Maker: Etienne Dupont, Victot-Pontfol, Normandy, France
Purchased for $12/750 ml
Appearance: light ochre with a big fizzy head that disperses soon after pouring.
Nose: Dry and flinty with a hint of yeasty funk.
Palate: Fizzy, apple juice, sourdough, chalk dust.
Finish: Fairly clean with a little funk and a touch of sweetness.
Parting words: There are very few denizens of the Wonderful Land of Booze that I just don’t enjoy. Sherry, flavored vodka, American blended whiskey, Coors/Bud/Miller beer and French cider all fall into that category.
This cider is drinkable enough, but the combination of funky yeast and dry chalk don’t exactly keep me coming back.
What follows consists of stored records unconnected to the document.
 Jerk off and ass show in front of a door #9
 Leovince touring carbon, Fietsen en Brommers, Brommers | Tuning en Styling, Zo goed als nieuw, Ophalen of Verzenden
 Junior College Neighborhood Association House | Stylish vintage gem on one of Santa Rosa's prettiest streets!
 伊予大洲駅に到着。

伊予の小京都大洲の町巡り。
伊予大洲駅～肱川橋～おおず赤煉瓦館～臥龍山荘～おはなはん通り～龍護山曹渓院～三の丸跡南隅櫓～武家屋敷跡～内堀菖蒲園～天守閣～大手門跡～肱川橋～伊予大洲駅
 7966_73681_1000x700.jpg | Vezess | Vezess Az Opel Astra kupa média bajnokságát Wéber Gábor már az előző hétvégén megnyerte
Maybe I should have started my cider journey in Normandy and then sailed to the UK and US, or it’s over or underaged but this is not a repeat buy, especially at this price. Not recommended.
2 thoughts on “Etienne Dupont Cidre Bouché Brut de Normandie”
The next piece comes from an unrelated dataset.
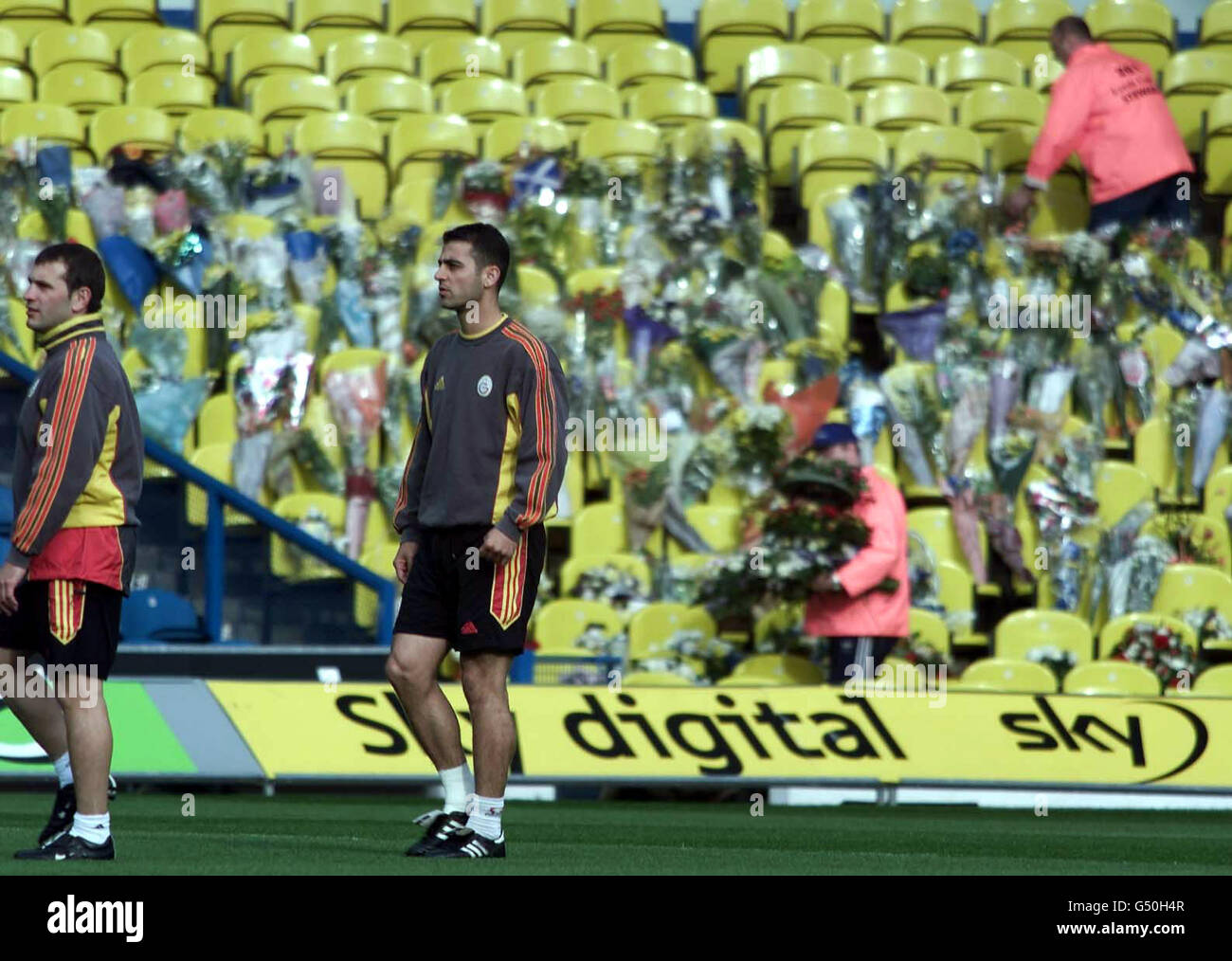 Das Galatasaray-Team trainiert in der Eland Road von Leeds United unter den Blumen-Tributen, bevor es zum UEFA-Cup-Fußballspiel gegen Leeds United zurückkehrt. Die Polizei von West Yorkshire hat die Fans aufgefordert, sich zu beruhigen und nicht für den Tod von zwei Anhängern von Leeds in Istanbul vor zwei Wochen Vergeltung zu üben. Stockfoto
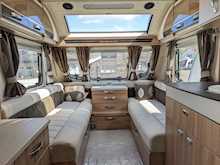 Swift Conqueror 2016 4808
I also didn’t care for this cider…quite beer-like. I have some cider buddies who love this style of cider though, and I have loved some ciders they have hated, so it may come down to preference. Sometimes though I wonder how a cider was impacted by a long overseas journey and how long it sat at the store in non-optimum conditions (my bottle of this cider was a 2011 vintage and I bought it only 2 months ago). So far I’ve found there seems to be two distinct categories of French ciders…the funkier yeasty drier ones like this and the richer sweeter fizzier ones I prefer (such as Dan Armor which is only $5 at Trader Joe’s, and Le Brun). I think it may be a Brittany vs. Normandy thing? So far all the French ciders I’ve enjoyed have been from Brittany, not Normandy.